# How to complete this task
Give back the full listing, exactly as it is.

# # #

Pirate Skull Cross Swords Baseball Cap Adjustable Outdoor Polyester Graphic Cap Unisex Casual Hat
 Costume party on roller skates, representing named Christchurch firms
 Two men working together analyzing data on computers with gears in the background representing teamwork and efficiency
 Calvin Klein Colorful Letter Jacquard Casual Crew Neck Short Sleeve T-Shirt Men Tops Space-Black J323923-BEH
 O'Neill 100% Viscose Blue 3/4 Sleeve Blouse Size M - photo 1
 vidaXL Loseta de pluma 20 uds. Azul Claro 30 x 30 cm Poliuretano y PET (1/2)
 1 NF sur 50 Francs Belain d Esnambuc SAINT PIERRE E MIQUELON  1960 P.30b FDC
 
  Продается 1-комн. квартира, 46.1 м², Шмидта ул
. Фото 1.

# # #

# Solution to the exercise
Pirate Skull Cross Swords Baseball Cap Adjustable Outdoor Polyester Graphic Cap Unisex Casual Hat
 Costume party on roller skates, representing named Christchurch firms
 Two men working together analyzing data on computers with gears in the background representing teamwork and efficiency
 Calvin Klein Colorful Letter Jacquard Casual Crew Neck Short Sleeve T-Shirt Men Tops Space-Black J323923-BEH
 O'Neill 100% Viscose Blue 3/4 Sleeve Blouse Size M - photo 1
 vidaXL Loseta de pluma 20 uds. Azul Claro 30 x 30 cm Poliuretano y PET (1/2)
 1 NF sur 50 Francs Belain d Esnambuc SAINT PIERRE E MIQUELON  1960 P.30b FDC
 
  Продается 1-комн. квартира, 46.1 м², Шмидта ул
. Фото 1.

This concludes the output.